▶ Problem to solve:
Somewhere below is a line with "Close-up of a" and, later, a line with "May include: A"; repeat those two lines and all the lines between them, exactly as they are.

▶ Information provided:

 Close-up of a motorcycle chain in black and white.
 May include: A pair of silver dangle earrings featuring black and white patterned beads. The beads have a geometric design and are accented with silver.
...
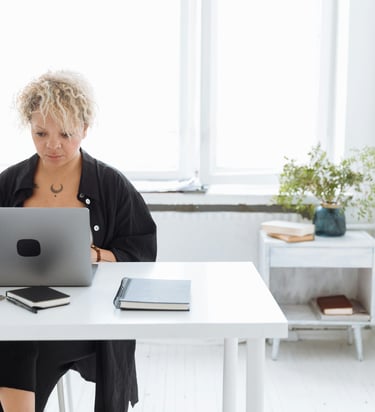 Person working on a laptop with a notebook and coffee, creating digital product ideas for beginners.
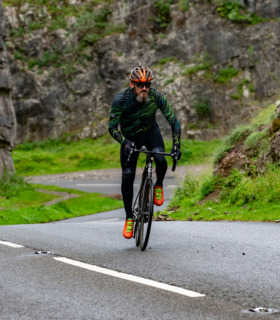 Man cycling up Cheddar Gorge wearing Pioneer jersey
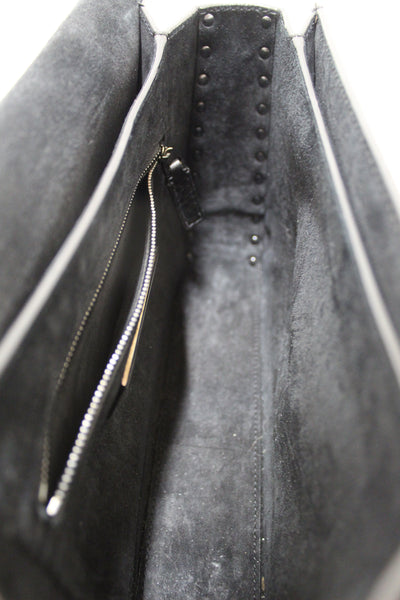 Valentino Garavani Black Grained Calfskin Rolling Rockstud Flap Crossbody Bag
==
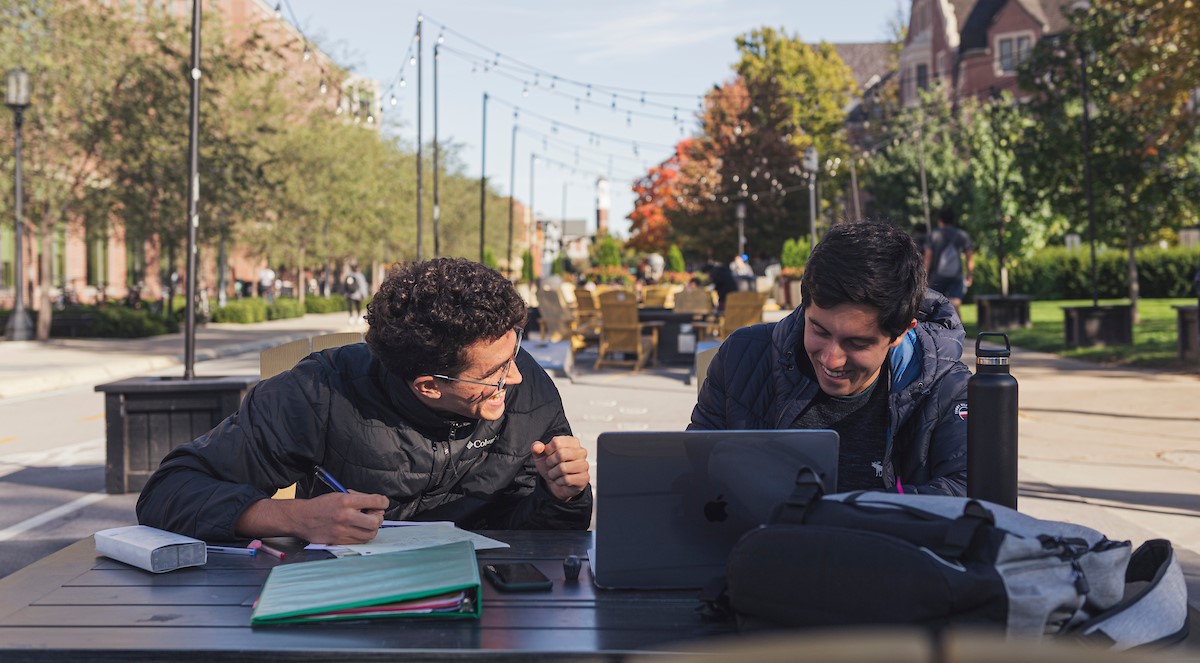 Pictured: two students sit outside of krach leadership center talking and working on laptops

▶ Response to the exercise:
 Close-up of a motorcycle chain in black and white.
 May include: A pair of silver dangle earrings featuring black and white patterned beads. The beads have a geometric design and are accented with silver.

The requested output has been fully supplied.